- **TASK BRIEF**:
Only the tail of the listing is wanted: the line containing "Блузи FRED PERRY" and all after it, repeated exactly, pictures omitted.

- **DATA TO EXAMINE**:

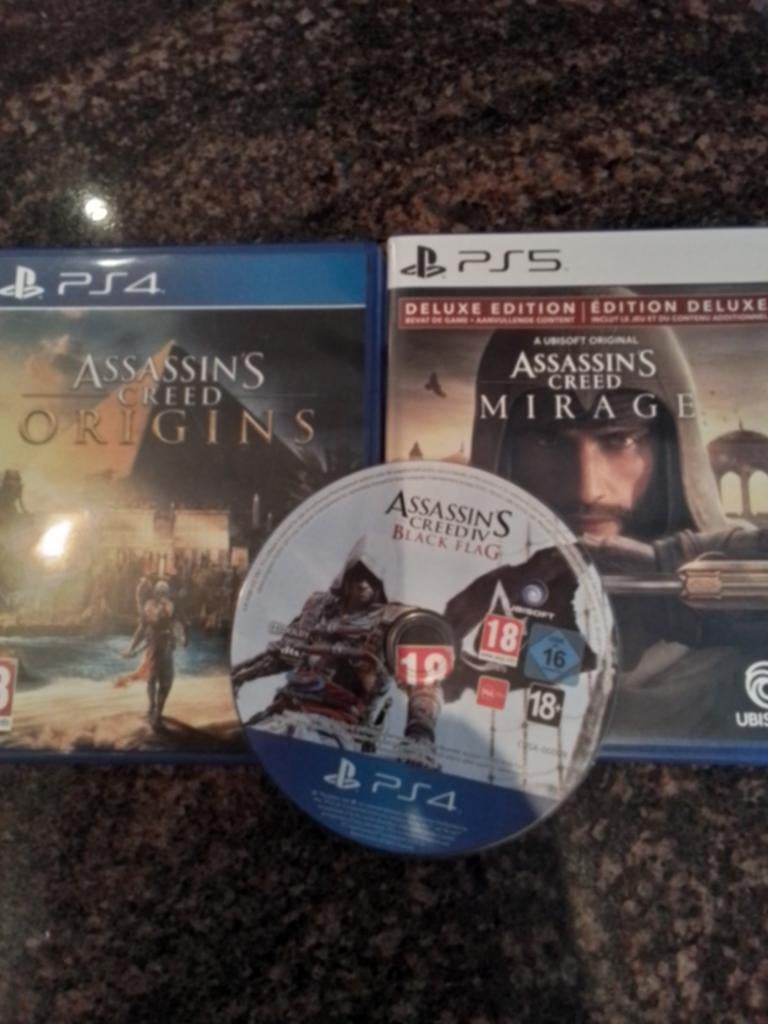Assassin's Creed games, Ophalen of Verzenden, Gebruikt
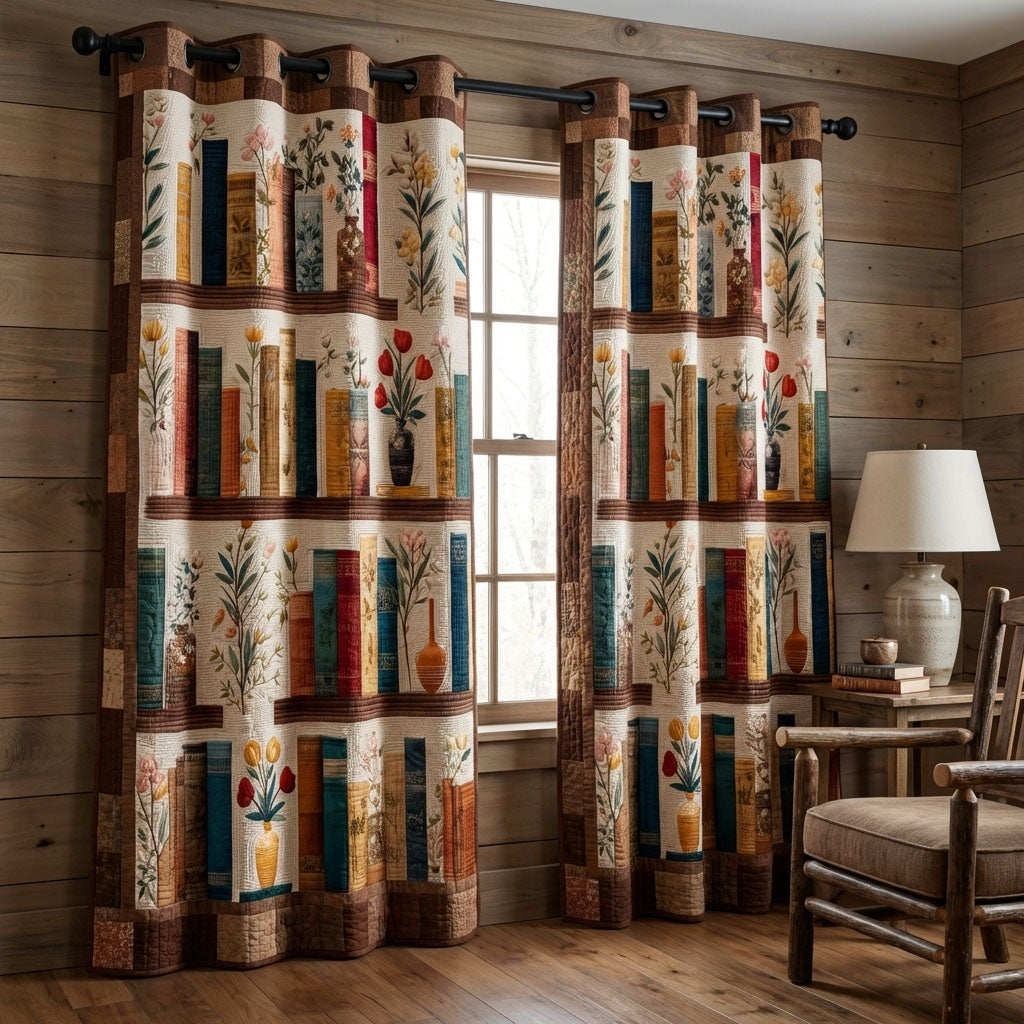 Story Garden Quilted Curtains NCU0DDK2587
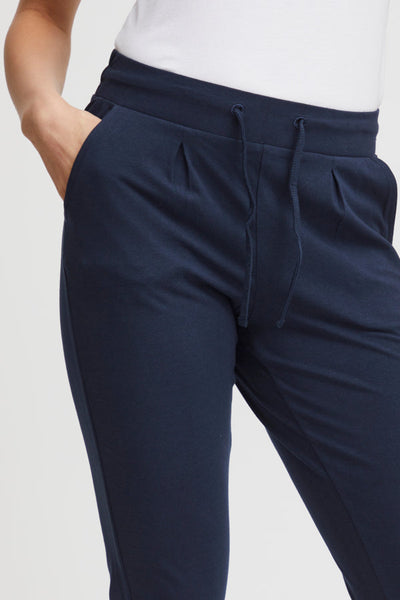 Pandina Casual Cotton Capri (Navy)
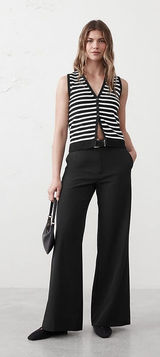 Banana Republic Sculpted Wide-Leg Trousers Photo 0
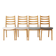 Set of 4 Vintage Beech Dining Chairs, Mid Century Modern, German 1960s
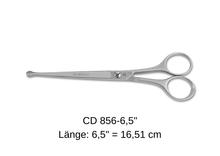 Lade das Bild in den Galerie-Viewer, Hunde-/Fellschere CD856-6,5 gebogene Klingen 6,5&quot; von Weltmeister® Solingen
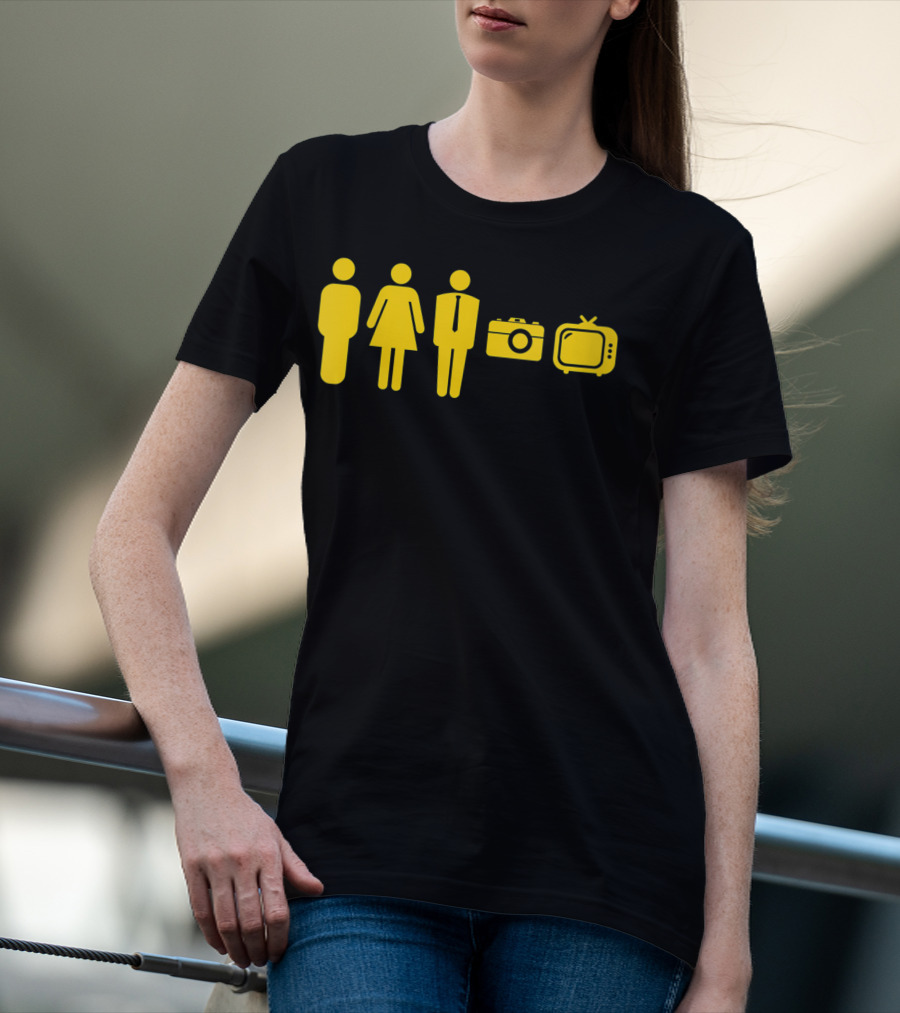 Person Woman Man Camera TV Icons T-Shirt
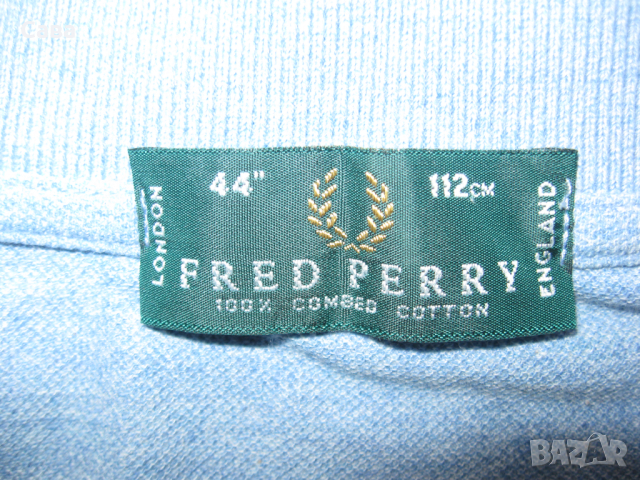 Блузи FRED PERRY  мъжки,Л-ХЛ, снимка 2 - Блузи - 44828638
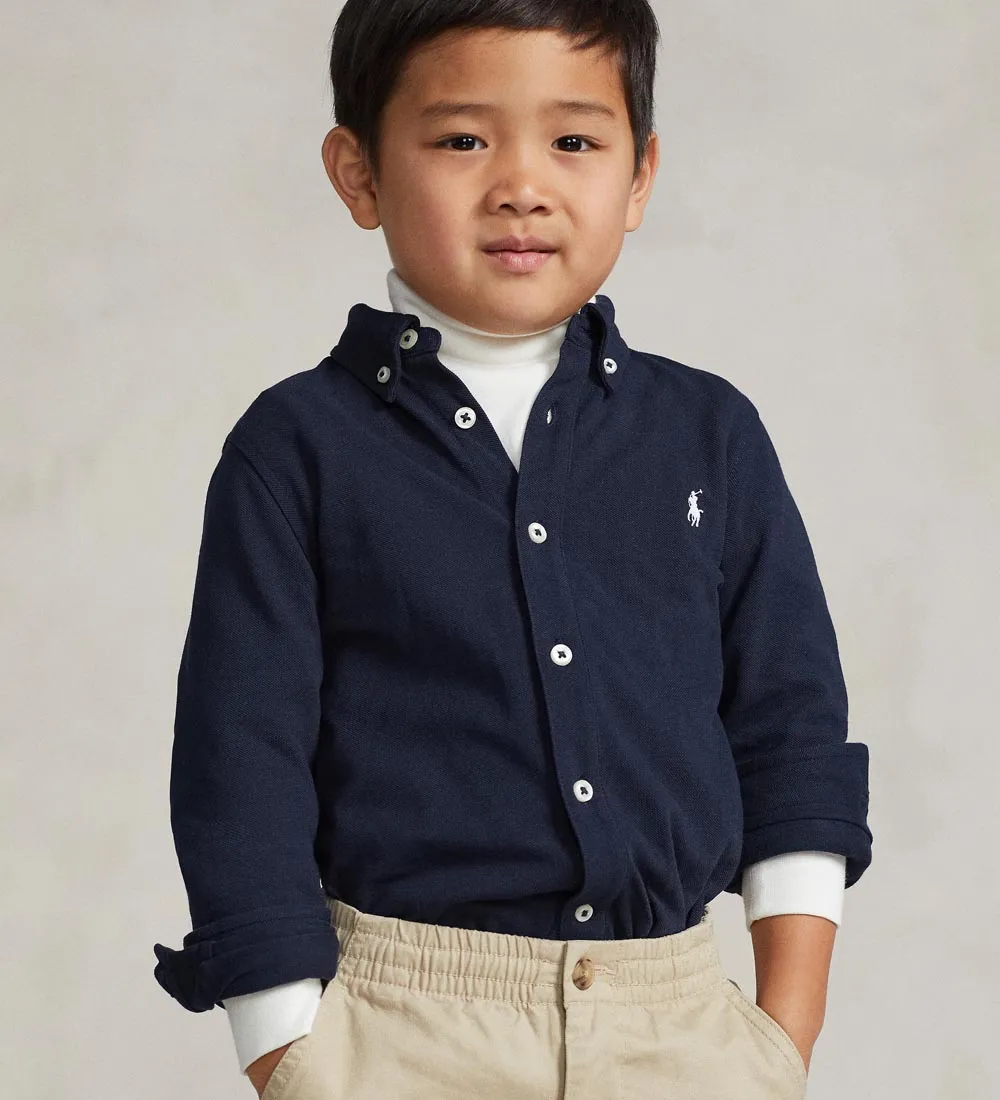 POLO RALPH LAUREN OVERHEMD  CLASSICS  NAVY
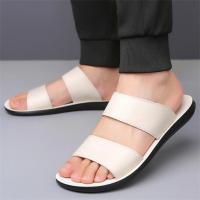 Zapatillas para Hombre de Cuero de Alta Calidad Sandalias Planas Antideslizantes para Exteriores y Verano - details 4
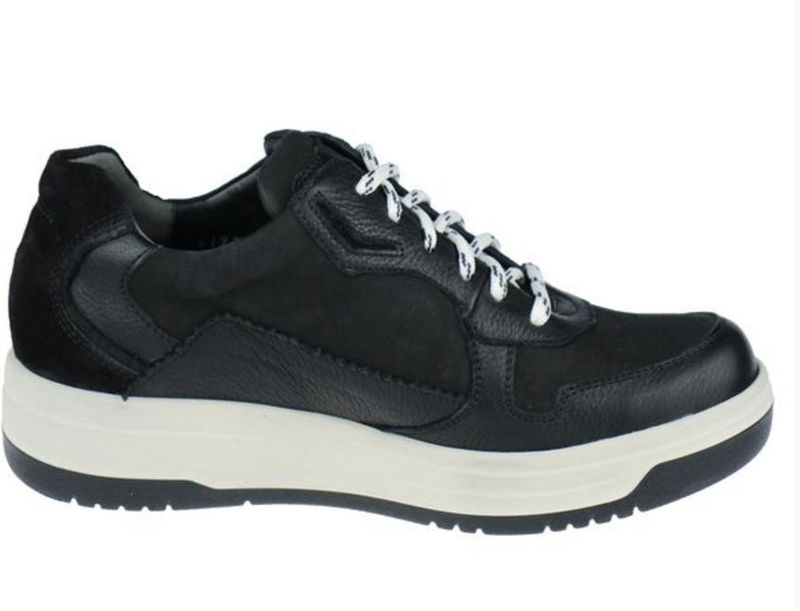 Durea - 6275-688-0785 - Sneakers - Zwart - Nubuck Leer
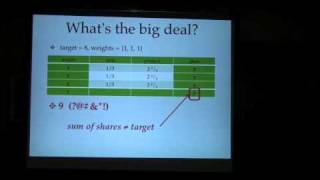 Fair Allocation (Joel Neely) Java Posse Roundup 2009 Lightning Talks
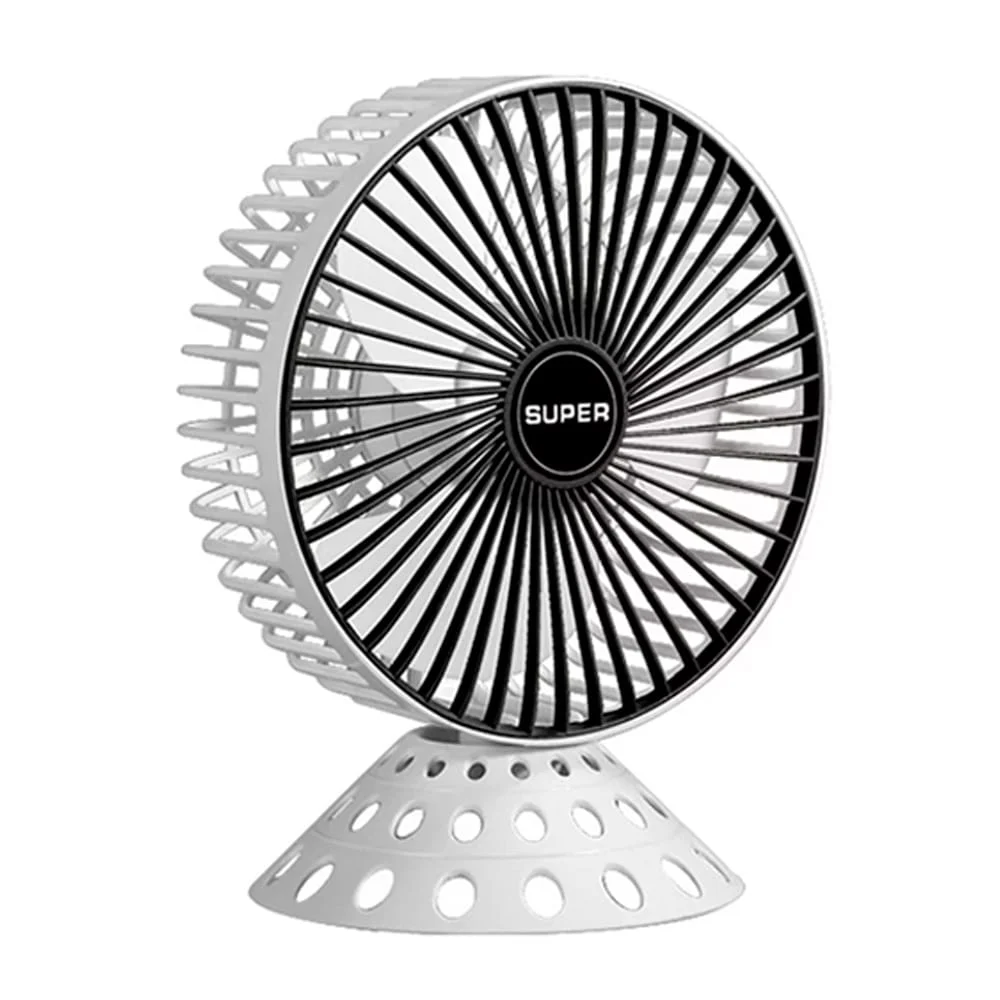Mini ventilador redondo con soporte para escritorio, variedad de colores / 129304
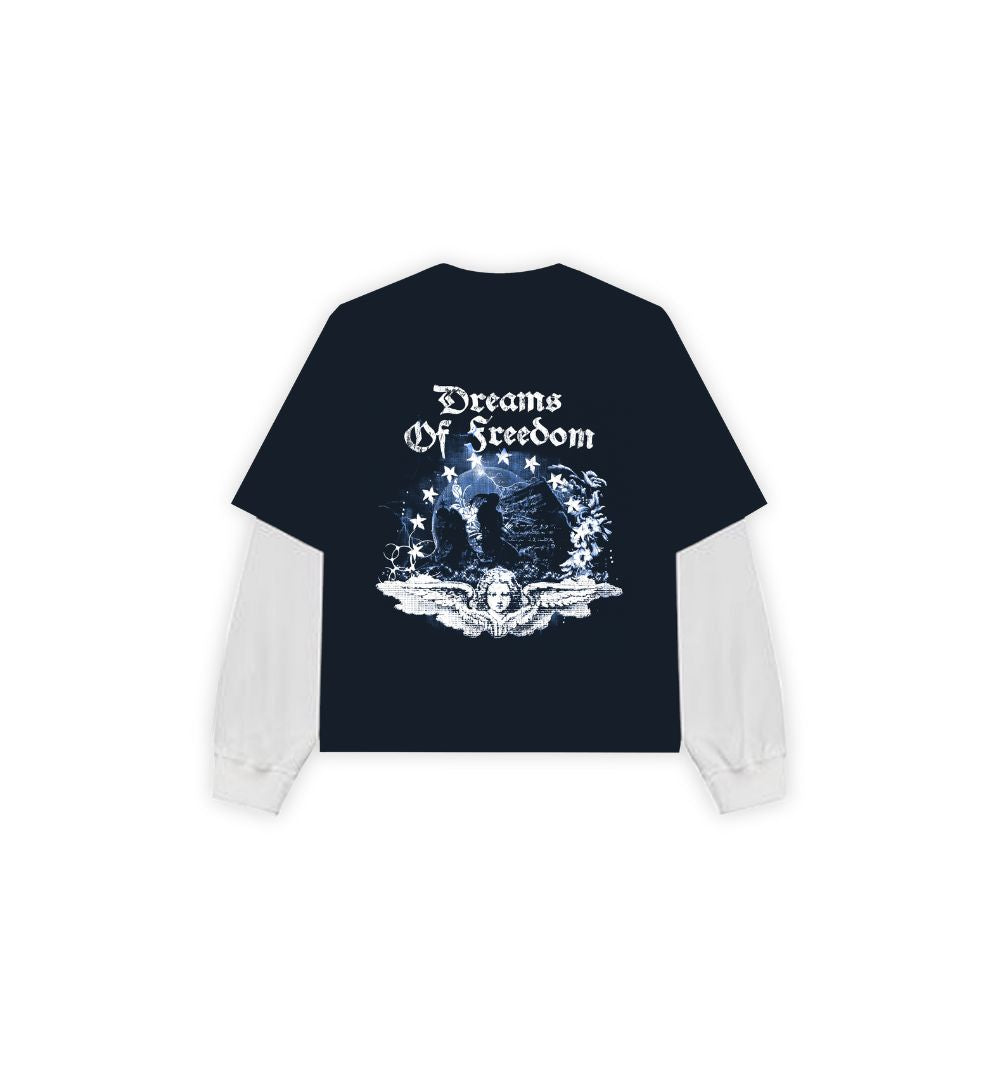 Tee Freedom Azul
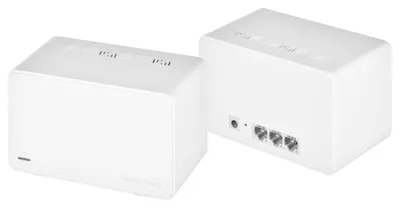 Produktbild von Mercusys Halo H80X(2-pak) dwuzakresowy (2.4GHz/5GHz) Wi-Fi 6 (802.11ax) Biały 3 Indoor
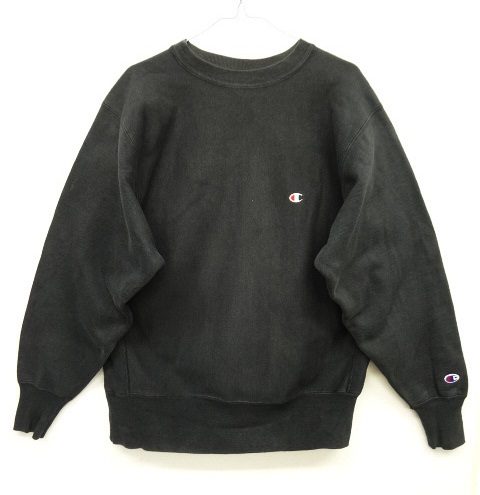 画像: 90'S CHAMPION 刺繍タグ リバースウィーブ 無地 ブラック USA製 (VINTAGE) 「Sweat Shirt」 入荷しました。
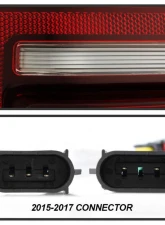 Xtune Fit Halogen OE Plus Raptor BSD Style LED Tail Lights Red Smoke Ford F150 2015-2020                                     - ALT-JH-FF15015-OEP-LED-RSM - Image 4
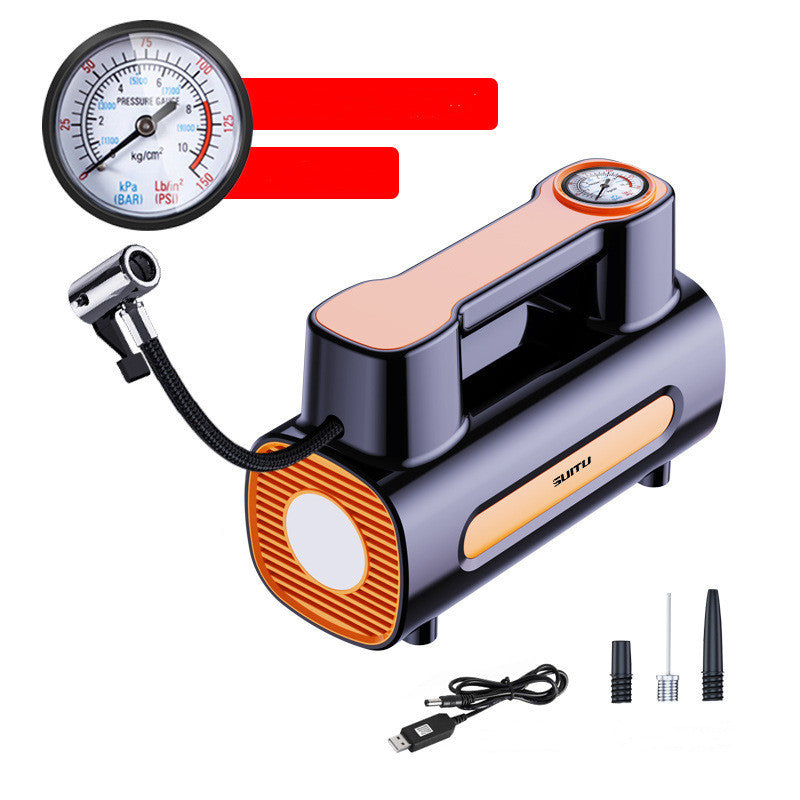 Tire Inflator 12V DC Portable Compressor Electric DC Auto Tire Pumps For Car Tires 67873107-dd62-482f-b7c4-ee39b731f63b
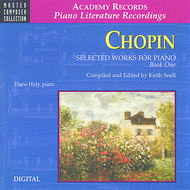 Selected Works for Piano - Book 1 (CD Only) Sheet Music by Frederic Chopin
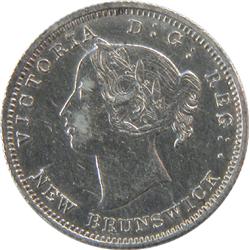 New Brunswick 5 Cents 1864 L6 ICCS EF-4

- **ANSWER BOX**:
 Блузи FRED PERRY  мъжки,Л-ХЛ, снимка 2 - Блузи - 44828638
 POLO RALPH LAUREN OVERHEMD  CLASSICS  NAVY
 Zapatillas para Hombre de Cuero de Alta Calidad Sandalias Planas Antideslizantes para Exteriores y Verano - details 4
 Durea - 6275-688-0785 - Sneakers - Zwart - Nubuck Leer
 Fair Allocation (Joel Neely) Java Posse Roundup 2009 Lightning Talks
Mini ventilador redondo con soporte para escritorio, variedad de colores / 129304
 Tee Freedom Azul
 Produktbild von Mercusys Halo H80X(2-pak) dwuzakresowy (2.4GHz/5GHz) Wi-Fi 6 (802.11ax) Biały 3 Indoor
 画像: 90'S CHAMPION 刺繍タグ リバースウィーブ 無地 ブラック USA製 (VINTAGE) 「Sweat Shirt」 入荷しました。
 Xtune Fit Halogen OE Plus Raptor BSD Style LED Tail Lights Red Smoke Ford F150 2015-2020                                     - ALT-JH-FF15015-OEP-LED-RSM - Image 4
 Tire Inflator 12V DC Portable Compressor Electric DC Auto Tire Pumps For Car Tires 67873107-dd62-482f-b7c4-ee39b731f63b
 Selected Works for Piano - Book 1 (CD Only) Sheet Music by Frederic Chopin
 New Brunswick 5 Cents 1864 L6 ICCS EF-4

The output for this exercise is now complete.